The crankcase/water jacket started as two pieces of 25 x 145 103mm 6061 aluminium plate. Each piece marked out & the pockets manually milled into each half. This was done with a Ø10 ball nosed endmill to give the outer contour of the pockets & then the remaining material removed with a Ø10, standard endmill. The halves then held together with 14, M3 countersunk screws & the bores for the crankshaft bearing housings & the cylinder liner added.
The final contour of the crankcase & openings into the water jacket & crankcase cavities then milled with the corners rounded with R2 & R3 corner rounding endmills. So far, so good.
Regards,
Don.


----------



## Fluffy (Mar 19, 2014)

G'Day All,
Progress continues on the roller's engine.

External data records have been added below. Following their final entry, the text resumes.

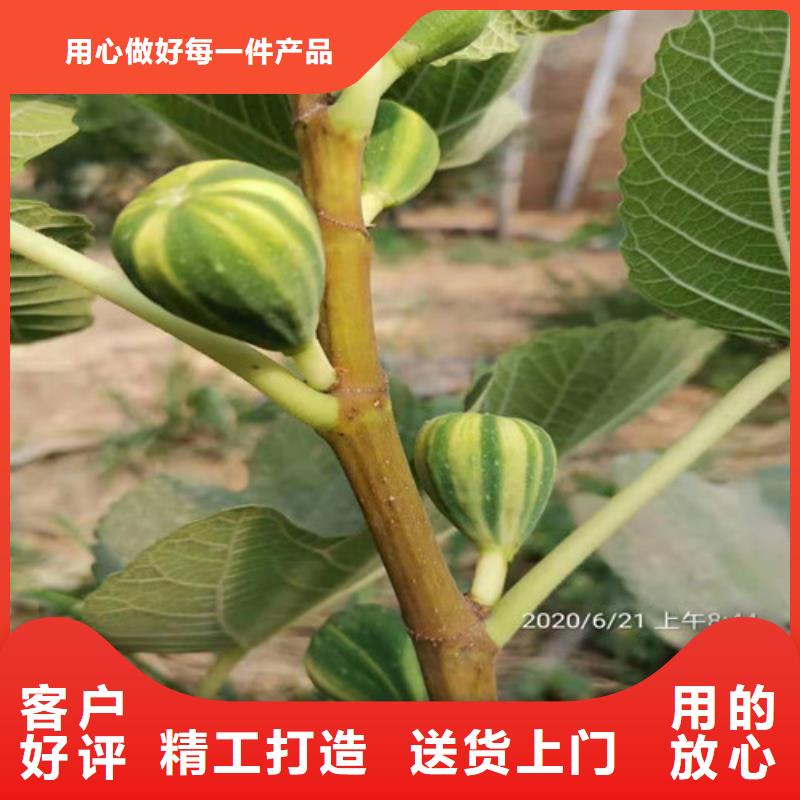 无花果枣树苗厂家大量现货颜色尺寸款式定制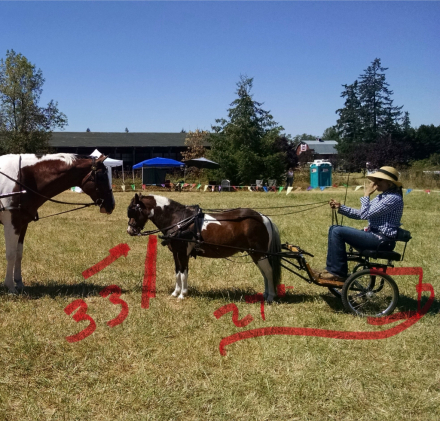 Tack ID: 570769 Driving cart and harness - PhotoID: 155924 - Expires 30-Nov-2026 Days Left: 87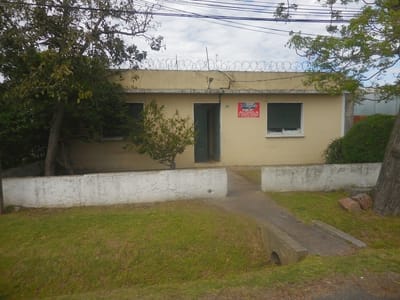 Apartamentos en Malvín Norte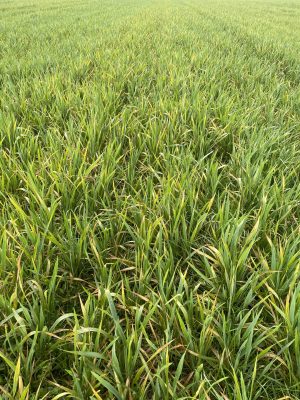 macchie fisiologiche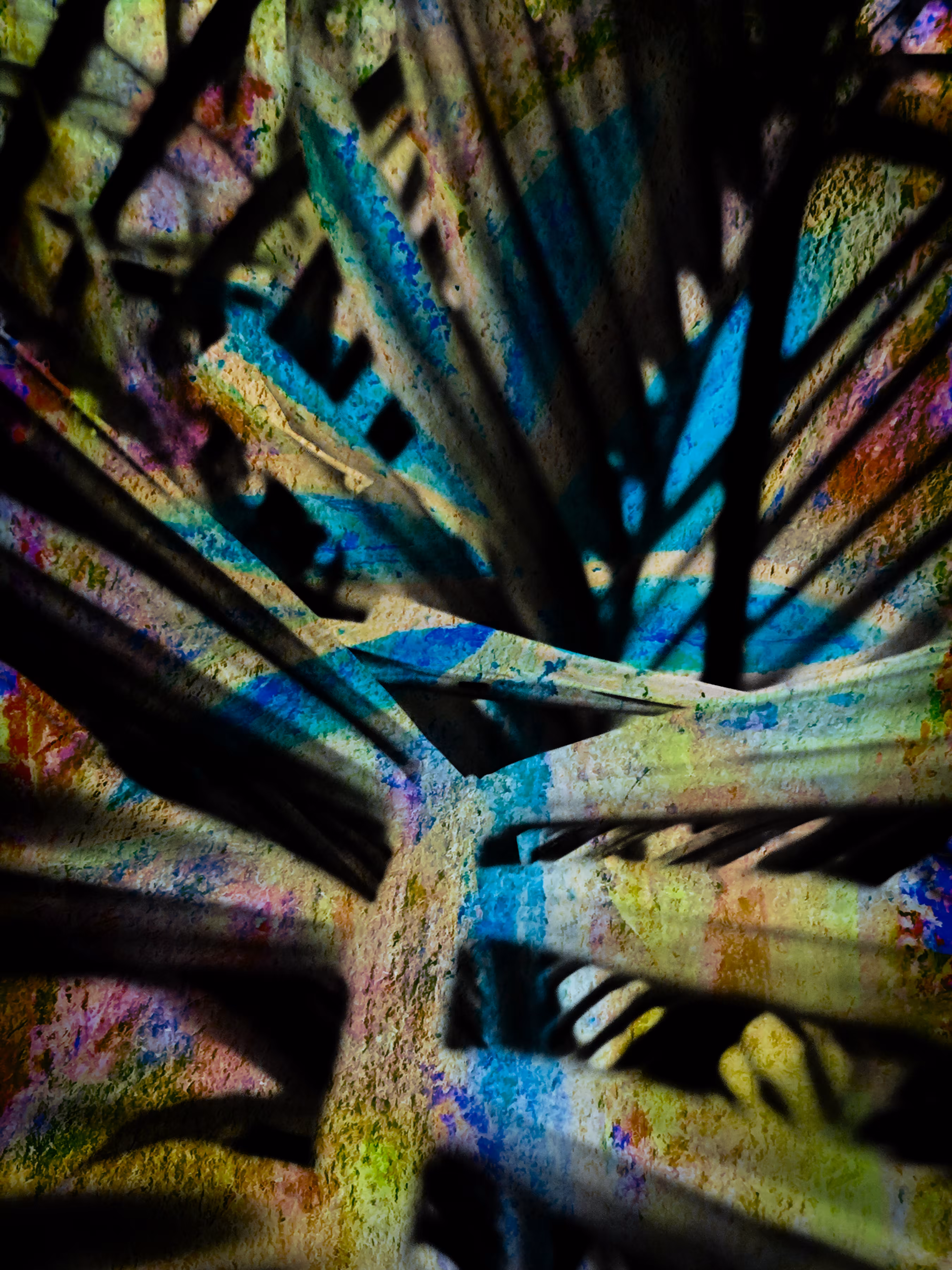 X-ray of a palm tree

I now have completed the cylinder liner, piston, conrod & piston rings.
The piston was turned from 6061 aluminium.
The cylinder liner & rings are 4E cast iron . The bore has been honed to size (25.4mm - 1") using the hones shown here.
The piston rings have been made using the information by Tom Schwartz from MEB issue 27. I initially turned to OD of the rings 0.2 mm oversize to allow the rings to be turned circular when turned to final size.Two mandrels were turned to, firstly to hold the rings ganged together to be slit with a 1.0 mm slitting saw & then all compressed onto the second mandrel that has an external diameter the same size as the diameter of the piston ring grooves. The rings were compressed onto the mandrel using a ring compressor turned to suit the application. When the rings are compressed onto the mandrel a clamping sleeve is tightened up to the rings using a threaded fastener.  The ring OD's were then turned & polished to final size. When the rings are individually fitted to the cylinder bore there is no visible light showing between the ring & cylinder wall. You can be lucky sometimes.;D Hopefully the compression will be good!
The small inner holes on the cylinder liner flange are to allow engine coolant to pass through to the cylinder head.
I think the crankshaft will be next.
Apologies for not putting the text before each image but, I have not been able to work out how to do this???
Regards,
Don.


----------



## weez (Mar 19, 2014)

Fluffy said:


> Apologies for not putting the text before each image but, I have not been able to work out how to do this???
> Regards,
> Don.



Check out this post for an explanation.


----------



## danstir (Mar 19, 2014)

Interesting build.  And the work you have done looks excellent.  I will definitely be watching.  Thanks for sharing.


----------



## Fluffy (Mar 20, 2014)

Thanks Weez,
I'll try it next post.

Thanks Danstir,
There is plenty more to do.
Don.


----------



## Fluffy (Mar 25, 2014)

G'Day All,
The crankshaft has consumed quite a few hours to finish the crank pin. 
The crankshaft blank (4140 steel), was marked out & the centre holes of both the crank axis & the crank pin were centre drilled in the mill, held with a rotary table. I have started to use etching primer as a marking medium as it is not affected by cutting oil as is the marking blue.



The blank was then setup to rough out the crank pin. This was close to the limits of the rigidity of the lathe but eventually the pin was roughed out. This piece of 4140 is the toughest piece that I have turned in this lathe & I thought for a while that I was not going to be able to use this material. I had intended to rough out as much material as possible with a parting tool but there was too much chatter to be useable.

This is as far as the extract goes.